*** Opening of Data for this task ***

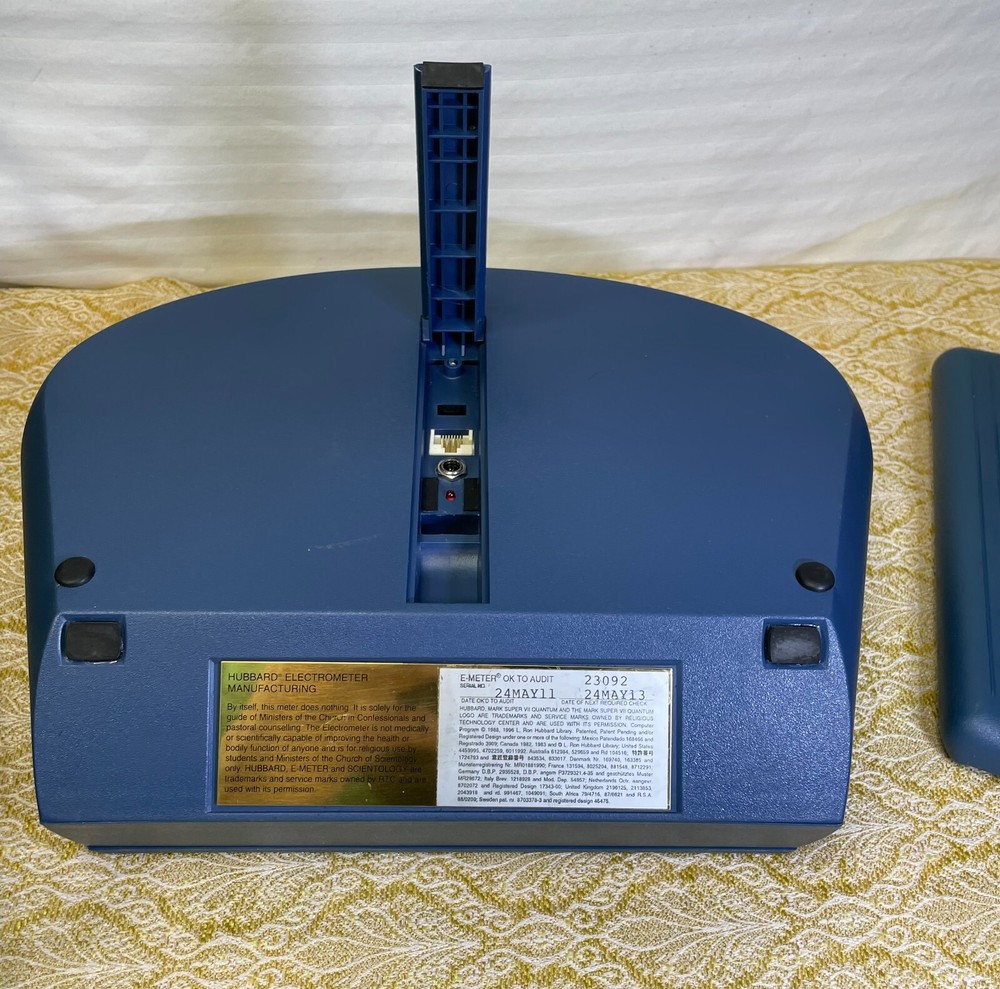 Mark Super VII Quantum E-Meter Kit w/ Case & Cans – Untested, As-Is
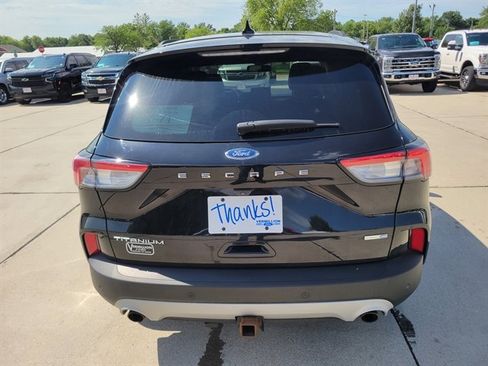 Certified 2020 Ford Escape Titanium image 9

*** Close of Data for this task ***
*** Opening of Data for this task ***

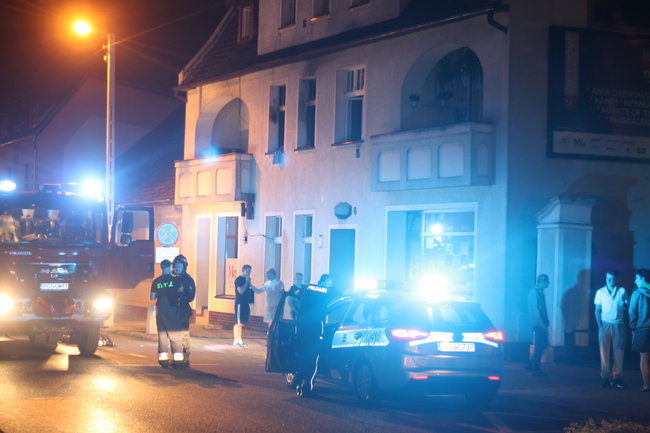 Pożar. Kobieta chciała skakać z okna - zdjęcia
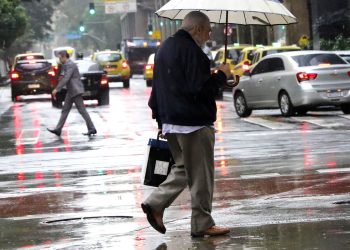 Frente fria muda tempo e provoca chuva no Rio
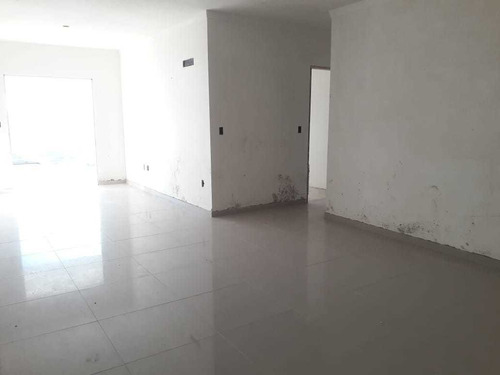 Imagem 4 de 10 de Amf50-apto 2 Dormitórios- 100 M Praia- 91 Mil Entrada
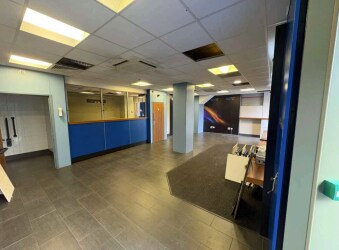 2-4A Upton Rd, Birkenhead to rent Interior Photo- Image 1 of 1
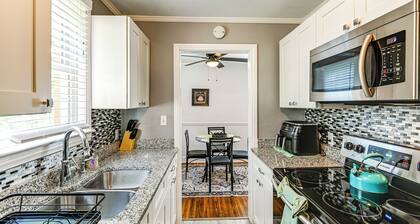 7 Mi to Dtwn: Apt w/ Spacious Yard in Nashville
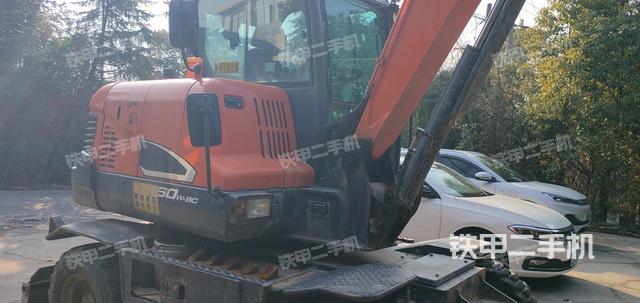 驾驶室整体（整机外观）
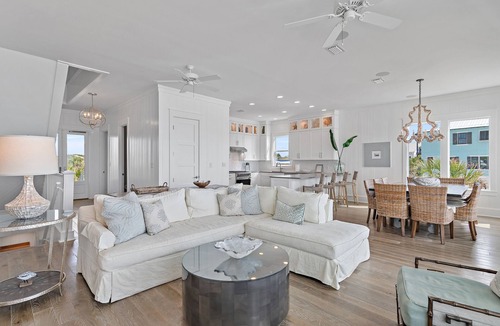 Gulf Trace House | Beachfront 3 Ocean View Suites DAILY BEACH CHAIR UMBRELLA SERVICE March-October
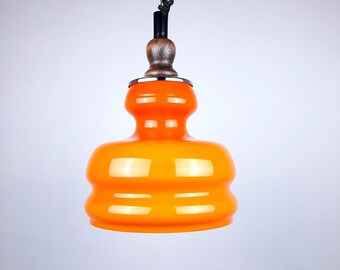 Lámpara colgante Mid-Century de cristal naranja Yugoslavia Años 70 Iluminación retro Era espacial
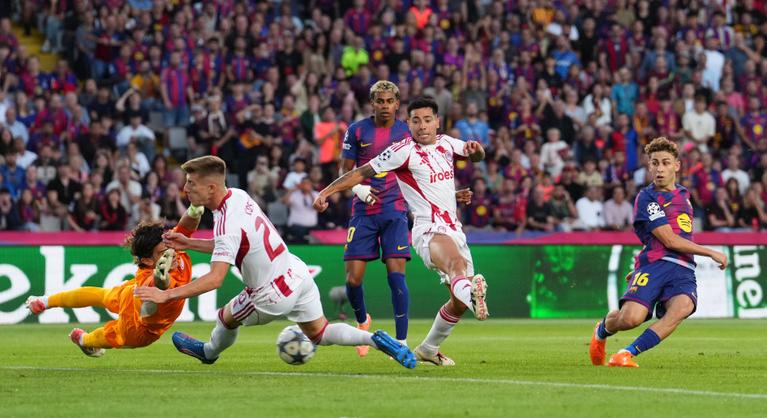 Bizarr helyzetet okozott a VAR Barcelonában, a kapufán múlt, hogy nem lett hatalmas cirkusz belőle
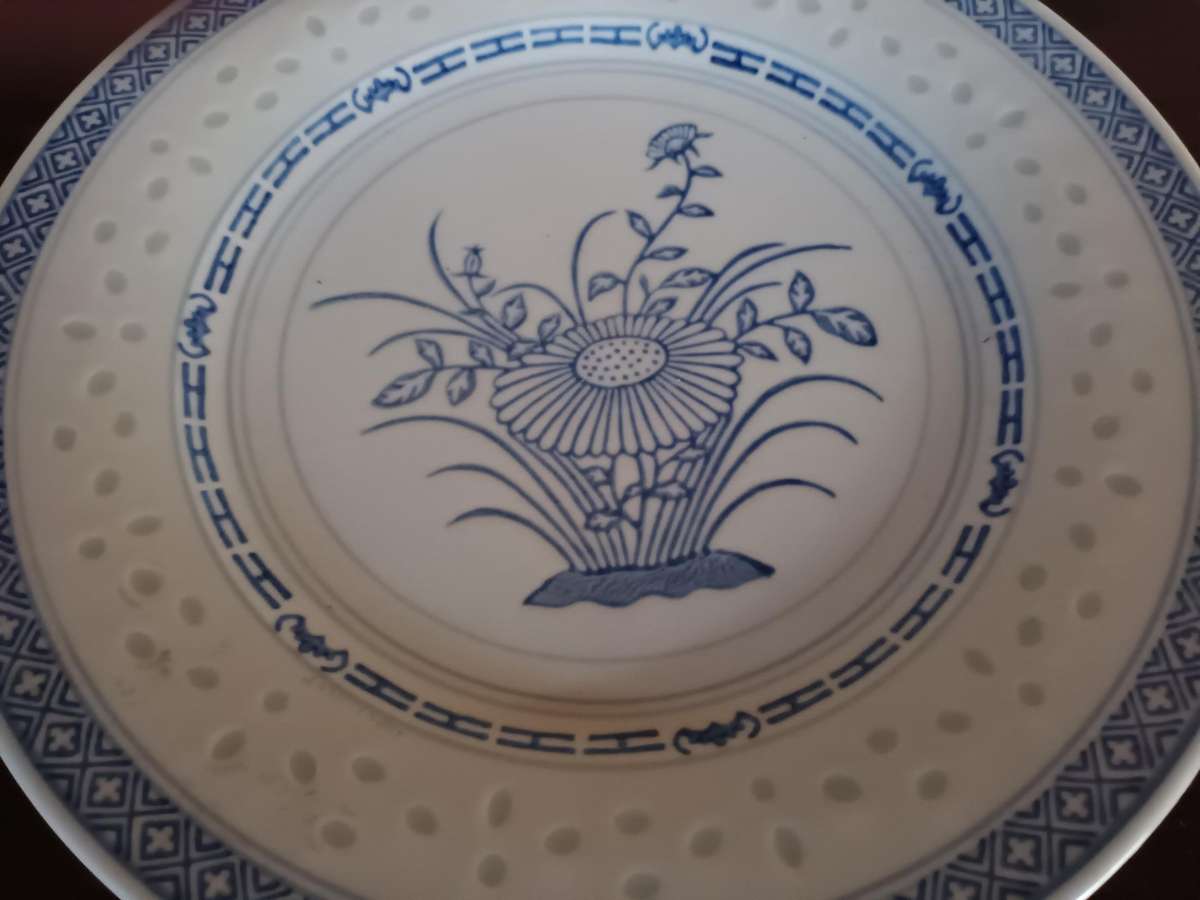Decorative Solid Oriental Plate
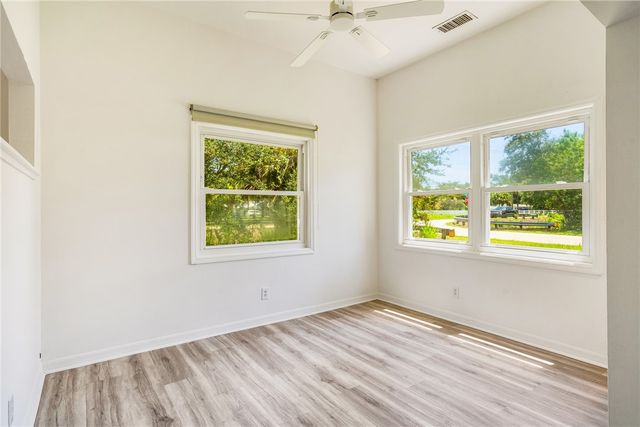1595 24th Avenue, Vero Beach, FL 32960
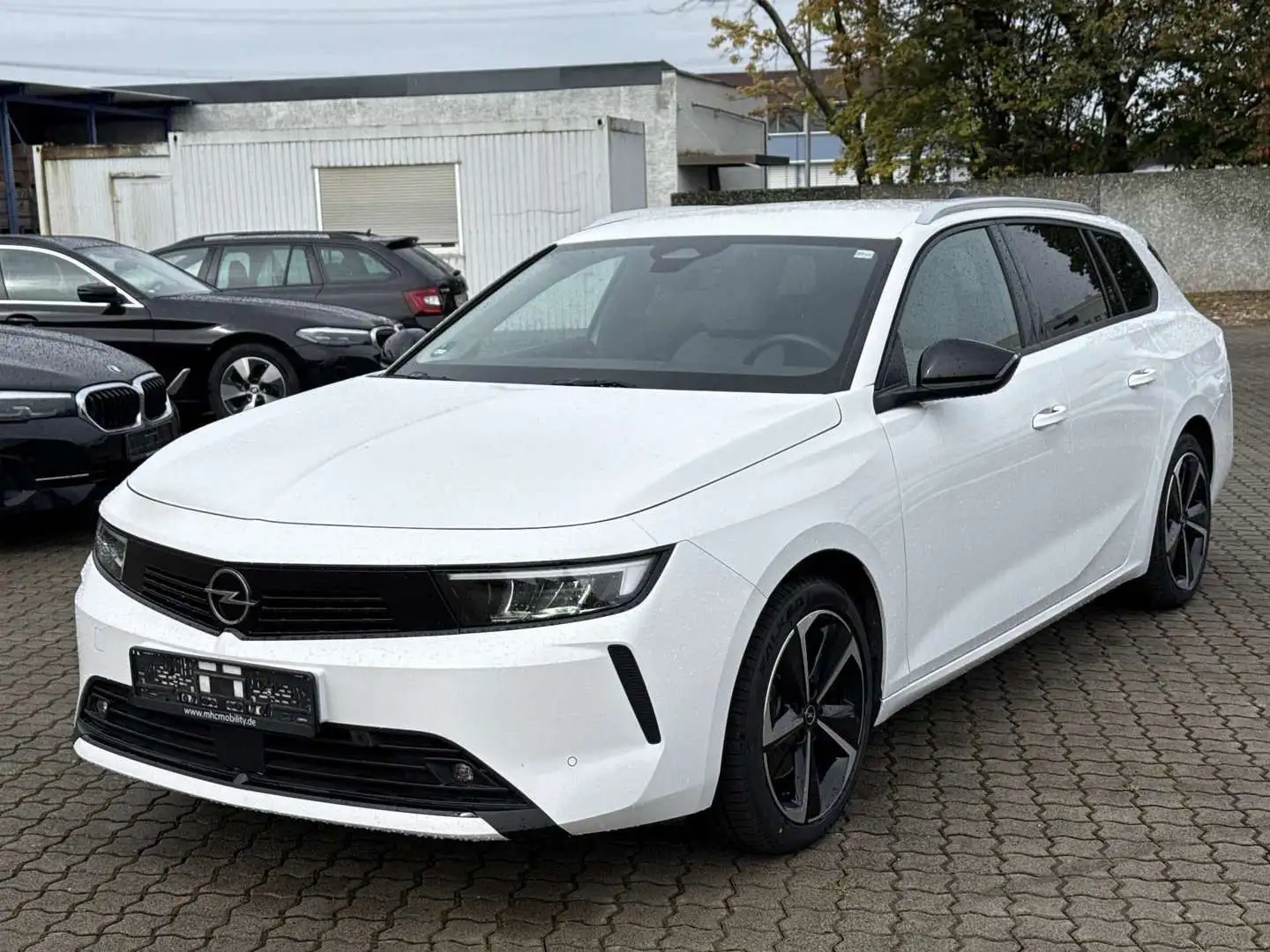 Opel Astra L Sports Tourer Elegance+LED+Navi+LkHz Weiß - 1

*** Close of Data for this task ***

What is required »
For this exercise, transcribe exactly the part of the records above that opens with the line containing "Gulf Trace House" and closes with the one containing "Opel Astra L". Pictures are not part of the copy.

Answer to the exercise »
 Gulf Trace House | Beachfront 3 Ocean View Suites DAILY BEACH CHAIR UMBRELLA SERVICE March-October
 Lámpara colgante Mid-Century de cristal naranja Yugoslavia Años 70 Iluminación retro Era espacial
 Bizarr helyzetet okozott a VAR Barcelonában, a kapufán múlt, hogy nem lett hatalmas cirkusz belőle
Decorative Solid Oriental Plate
1595 24th Avenue, Vero Beach, FL 32960
 Opel Astra L Sports Tourer Elegance+LED+Navi+LkHz Weiß - 1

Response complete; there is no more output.